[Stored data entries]

▶

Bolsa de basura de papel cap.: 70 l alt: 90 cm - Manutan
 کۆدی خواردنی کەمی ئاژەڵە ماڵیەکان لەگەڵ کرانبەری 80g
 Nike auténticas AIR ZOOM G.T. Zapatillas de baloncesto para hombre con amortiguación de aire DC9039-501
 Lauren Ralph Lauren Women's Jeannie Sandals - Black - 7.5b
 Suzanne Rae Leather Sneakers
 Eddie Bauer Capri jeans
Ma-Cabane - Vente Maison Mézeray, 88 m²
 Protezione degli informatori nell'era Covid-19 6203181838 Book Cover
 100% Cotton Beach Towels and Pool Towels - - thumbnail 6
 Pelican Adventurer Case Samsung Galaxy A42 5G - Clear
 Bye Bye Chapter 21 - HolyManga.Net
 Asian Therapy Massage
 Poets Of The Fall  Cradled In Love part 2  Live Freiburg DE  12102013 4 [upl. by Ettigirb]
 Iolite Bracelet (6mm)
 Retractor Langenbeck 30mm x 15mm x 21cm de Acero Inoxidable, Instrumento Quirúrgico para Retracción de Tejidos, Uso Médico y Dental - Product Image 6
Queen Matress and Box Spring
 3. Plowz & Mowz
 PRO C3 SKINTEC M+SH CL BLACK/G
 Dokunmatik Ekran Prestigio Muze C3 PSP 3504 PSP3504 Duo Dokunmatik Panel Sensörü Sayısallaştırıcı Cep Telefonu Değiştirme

◀

The answer must be exactly the lines from the one containing "Ma-Cabane - Vente Maison Mézeray, 88 m²" through the final line of the data, both ends included, and nothing else.

Ma-Cabane - Vente Maison Mézeray, 88 m²
 Protezione degli informatori nell'era Covid-19 6203181838 Book Cover
 100% Cotton Beach Towels and Pool Towels - - thumbnail 6
 Pelican Adventurer Case Samsung Galaxy A42 5G - Clear
 Bye Bye Chapter 21 - HolyManga.Net
 Asian Therapy Massage
 Poets Of The Fall  Cradled In Love part 2  Live Freiburg DE  12102013 4 [upl. by Ettigirb]
 Iolite Bracelet (6mm)
 Retractor Langenbeck 30mm x 15mm x 21cm de Acero Inoxidable, Instrumento Quirúrgico para Retracción de Tejidos, Uso Médico y Dental - Product Image 6
Queen Matress and Box Spring
 3. Plowz & Mowz
 PRO C3 SKINTEC M+SH CL BLACK/G
 Dokunmatik Ekran Prestigio Muze C3 PSP 3504 PSP3504 Duo Dokunmatik Panel Sensörü Sayısallaştırıcı Cep Telefonu Değiştirme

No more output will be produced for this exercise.